▸ **Description of the task**: For the material below, return exactly the lines starting at the one holding "Dámsky prsteň z" and ending at the one holding "Princesa Ana não", counting both as part of the range.
╭─ Data
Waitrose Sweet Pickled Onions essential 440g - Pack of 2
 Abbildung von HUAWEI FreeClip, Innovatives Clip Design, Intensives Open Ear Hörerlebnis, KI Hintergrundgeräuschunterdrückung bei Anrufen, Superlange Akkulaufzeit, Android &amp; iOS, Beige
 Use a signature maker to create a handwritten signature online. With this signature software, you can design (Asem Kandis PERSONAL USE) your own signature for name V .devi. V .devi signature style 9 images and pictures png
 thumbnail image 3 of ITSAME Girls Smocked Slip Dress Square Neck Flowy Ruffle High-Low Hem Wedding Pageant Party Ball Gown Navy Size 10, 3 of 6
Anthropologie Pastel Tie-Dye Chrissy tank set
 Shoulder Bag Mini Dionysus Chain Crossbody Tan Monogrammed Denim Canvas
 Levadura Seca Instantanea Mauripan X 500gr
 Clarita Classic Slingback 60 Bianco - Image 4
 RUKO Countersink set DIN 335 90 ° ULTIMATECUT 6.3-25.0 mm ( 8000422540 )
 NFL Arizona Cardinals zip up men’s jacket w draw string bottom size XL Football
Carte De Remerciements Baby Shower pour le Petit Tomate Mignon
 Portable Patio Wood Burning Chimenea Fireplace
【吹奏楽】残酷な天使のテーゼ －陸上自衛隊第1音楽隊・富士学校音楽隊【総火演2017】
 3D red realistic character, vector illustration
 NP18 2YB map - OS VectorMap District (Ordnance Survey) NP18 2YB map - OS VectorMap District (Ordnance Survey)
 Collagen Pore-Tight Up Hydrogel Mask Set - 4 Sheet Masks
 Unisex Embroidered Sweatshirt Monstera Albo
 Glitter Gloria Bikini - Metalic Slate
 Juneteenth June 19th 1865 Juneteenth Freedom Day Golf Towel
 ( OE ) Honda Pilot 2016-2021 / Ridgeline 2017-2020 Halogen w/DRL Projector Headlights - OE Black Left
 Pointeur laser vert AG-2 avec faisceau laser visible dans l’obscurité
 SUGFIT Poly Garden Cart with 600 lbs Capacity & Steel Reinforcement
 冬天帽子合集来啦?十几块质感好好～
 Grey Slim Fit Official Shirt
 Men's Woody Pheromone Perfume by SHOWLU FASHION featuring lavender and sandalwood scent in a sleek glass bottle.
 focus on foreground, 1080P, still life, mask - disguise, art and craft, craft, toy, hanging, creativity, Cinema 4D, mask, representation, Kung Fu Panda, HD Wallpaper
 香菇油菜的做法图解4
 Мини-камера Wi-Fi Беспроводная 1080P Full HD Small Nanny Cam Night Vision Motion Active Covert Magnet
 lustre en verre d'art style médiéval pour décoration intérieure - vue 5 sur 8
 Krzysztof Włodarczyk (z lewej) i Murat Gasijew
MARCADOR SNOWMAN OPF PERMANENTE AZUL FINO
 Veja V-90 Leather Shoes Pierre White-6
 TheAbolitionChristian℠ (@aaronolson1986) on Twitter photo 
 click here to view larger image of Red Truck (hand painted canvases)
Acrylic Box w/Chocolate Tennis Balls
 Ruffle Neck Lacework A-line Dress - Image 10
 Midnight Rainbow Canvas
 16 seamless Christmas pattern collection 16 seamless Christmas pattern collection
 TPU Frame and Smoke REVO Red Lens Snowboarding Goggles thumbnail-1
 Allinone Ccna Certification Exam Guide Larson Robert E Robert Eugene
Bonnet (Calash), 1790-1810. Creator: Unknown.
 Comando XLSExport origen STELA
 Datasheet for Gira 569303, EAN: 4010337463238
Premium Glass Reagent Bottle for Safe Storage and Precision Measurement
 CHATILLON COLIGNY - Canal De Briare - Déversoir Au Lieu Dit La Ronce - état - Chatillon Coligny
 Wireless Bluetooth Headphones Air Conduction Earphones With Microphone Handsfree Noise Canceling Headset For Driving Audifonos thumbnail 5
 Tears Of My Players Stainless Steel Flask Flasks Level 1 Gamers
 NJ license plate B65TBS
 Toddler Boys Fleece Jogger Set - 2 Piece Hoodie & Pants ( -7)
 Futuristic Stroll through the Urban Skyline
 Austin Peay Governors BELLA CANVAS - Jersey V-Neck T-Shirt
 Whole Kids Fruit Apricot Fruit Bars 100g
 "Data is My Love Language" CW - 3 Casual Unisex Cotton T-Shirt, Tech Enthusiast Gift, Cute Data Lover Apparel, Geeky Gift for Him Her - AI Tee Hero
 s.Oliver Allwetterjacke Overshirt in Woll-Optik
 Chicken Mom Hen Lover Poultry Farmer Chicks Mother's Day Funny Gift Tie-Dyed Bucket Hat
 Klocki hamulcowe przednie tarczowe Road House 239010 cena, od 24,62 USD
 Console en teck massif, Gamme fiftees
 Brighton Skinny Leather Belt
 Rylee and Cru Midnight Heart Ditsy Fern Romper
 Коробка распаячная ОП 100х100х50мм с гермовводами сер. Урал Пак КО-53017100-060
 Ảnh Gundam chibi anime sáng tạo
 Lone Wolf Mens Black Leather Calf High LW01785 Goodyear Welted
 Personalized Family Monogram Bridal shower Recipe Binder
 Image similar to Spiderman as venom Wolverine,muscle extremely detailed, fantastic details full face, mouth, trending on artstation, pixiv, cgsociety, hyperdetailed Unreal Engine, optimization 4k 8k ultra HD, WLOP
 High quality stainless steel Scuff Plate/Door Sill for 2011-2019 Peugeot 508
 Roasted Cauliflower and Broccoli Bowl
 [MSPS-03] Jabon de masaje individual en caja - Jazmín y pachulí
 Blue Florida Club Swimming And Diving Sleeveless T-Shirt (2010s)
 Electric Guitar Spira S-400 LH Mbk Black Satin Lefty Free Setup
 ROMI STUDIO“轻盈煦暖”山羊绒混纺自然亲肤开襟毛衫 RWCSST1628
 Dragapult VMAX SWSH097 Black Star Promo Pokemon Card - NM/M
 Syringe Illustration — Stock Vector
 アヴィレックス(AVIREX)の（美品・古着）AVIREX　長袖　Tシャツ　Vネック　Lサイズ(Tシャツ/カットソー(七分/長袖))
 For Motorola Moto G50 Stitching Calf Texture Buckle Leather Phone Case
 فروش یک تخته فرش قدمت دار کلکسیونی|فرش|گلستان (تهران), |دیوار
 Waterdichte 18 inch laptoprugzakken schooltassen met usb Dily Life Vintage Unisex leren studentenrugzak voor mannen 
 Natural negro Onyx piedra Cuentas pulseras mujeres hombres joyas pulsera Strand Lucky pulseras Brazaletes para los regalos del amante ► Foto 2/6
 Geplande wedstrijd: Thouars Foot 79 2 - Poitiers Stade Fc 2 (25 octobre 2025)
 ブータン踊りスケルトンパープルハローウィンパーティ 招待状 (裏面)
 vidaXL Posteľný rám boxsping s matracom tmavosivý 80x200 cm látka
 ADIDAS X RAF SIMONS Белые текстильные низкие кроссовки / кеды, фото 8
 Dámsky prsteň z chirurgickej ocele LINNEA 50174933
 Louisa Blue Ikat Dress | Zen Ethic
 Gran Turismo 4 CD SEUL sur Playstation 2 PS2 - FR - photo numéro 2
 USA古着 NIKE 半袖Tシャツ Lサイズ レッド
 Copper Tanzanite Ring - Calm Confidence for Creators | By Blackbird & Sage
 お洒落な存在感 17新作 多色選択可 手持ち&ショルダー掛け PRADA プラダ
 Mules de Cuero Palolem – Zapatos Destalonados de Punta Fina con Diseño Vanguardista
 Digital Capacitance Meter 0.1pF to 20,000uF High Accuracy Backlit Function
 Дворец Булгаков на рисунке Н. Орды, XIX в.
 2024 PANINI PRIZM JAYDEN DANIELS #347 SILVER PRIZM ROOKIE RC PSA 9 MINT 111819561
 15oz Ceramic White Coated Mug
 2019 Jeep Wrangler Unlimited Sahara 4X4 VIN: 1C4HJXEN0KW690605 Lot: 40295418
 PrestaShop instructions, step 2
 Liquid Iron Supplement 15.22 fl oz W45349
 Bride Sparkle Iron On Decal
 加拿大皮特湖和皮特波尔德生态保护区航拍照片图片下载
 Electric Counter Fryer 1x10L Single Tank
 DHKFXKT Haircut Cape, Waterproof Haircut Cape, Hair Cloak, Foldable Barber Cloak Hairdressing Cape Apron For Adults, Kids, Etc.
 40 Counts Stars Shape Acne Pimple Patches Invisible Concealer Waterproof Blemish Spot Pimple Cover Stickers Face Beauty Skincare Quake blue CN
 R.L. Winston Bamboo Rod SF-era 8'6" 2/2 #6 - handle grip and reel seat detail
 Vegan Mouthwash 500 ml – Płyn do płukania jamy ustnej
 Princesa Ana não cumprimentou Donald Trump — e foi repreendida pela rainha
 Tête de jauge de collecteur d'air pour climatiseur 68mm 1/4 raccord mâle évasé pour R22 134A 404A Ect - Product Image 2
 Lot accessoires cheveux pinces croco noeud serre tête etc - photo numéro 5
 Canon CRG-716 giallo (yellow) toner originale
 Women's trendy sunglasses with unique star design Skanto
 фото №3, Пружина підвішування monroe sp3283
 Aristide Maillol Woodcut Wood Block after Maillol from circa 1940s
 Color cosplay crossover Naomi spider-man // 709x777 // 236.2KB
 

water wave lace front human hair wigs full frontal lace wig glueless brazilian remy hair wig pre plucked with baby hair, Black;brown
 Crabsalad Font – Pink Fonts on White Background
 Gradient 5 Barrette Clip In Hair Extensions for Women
╰─
▸ **Answer to this exercise**:
 Dámsky prsteň z chirurgickej ocele LINNEA 50174933
 Louisa Blue Ikat Dress | Zen Ethic
 Gran Turismo 4 CD SEUL sur Playstation 2 PS2 - FR - photo numéro 2
 USA古着 NIKE 半袖Tシャツ Lサイズ レッド
 Copper Tanzanite Ring - Calm Confidence for Creators | By Blackbird & Sage
 お洒落な存在感 17新作 多色選択可 手持ち&ショルダー掛け PRADA プラダ
 Mules de Cuero Palolem – Zapatos Destalonados de Punta Fina con Diseño Vanguardista
 Digital Capacitance Meter 0.1pF to 20,000uF High Accuracy Backlit Function
 Дворец Булгаков на рисунке Н. Орды, XIX в.
 2024 PANINI PRIZM JAYDEN DANIELS #347 SILVER PRIZM ROOKIE RC PSA 9 MINT 111819561
 15oz Ceramic White Coated Mug
 2019 Jeep Wrangler Unlimited Sahara 4X4 VIN: 1C4HJXEN0KW690605 Lot: 40295418
 PrestaShop instructions, step 2
 Liquid Iron Supplement 15.22 fl oz W45349
 Bride Sparkle Iron On Decal
 加拿大皮特湖和皮特波尔德生态保护区航拍照片图片下载
 Electric Counter Fryer 1x10L Single Tank
 DHKFXKT Haircut Cape, Waterproof Haircut Cape, Hair Cloak, Foldable Barber Cloak Hairdressing Cape Apron For Adults, Kids, Etc.
 40 Counts Stars Shape Acne Pimple Patches Invisible Concealer Waterproof Blemish Spot Pimple Cover Stickers Face Beauty Skincare Quake blue CN
 R.L. Winston Bamboo Rod SF-era 8'6" 2/2 #6 - handle grip and reel seat detail
 Vegan Mouthwash 500 ml – Płyn do płukania jamy ustnej
 Princesa Ana não cumprimentou Donald Trump — e foi repreendida pela rainha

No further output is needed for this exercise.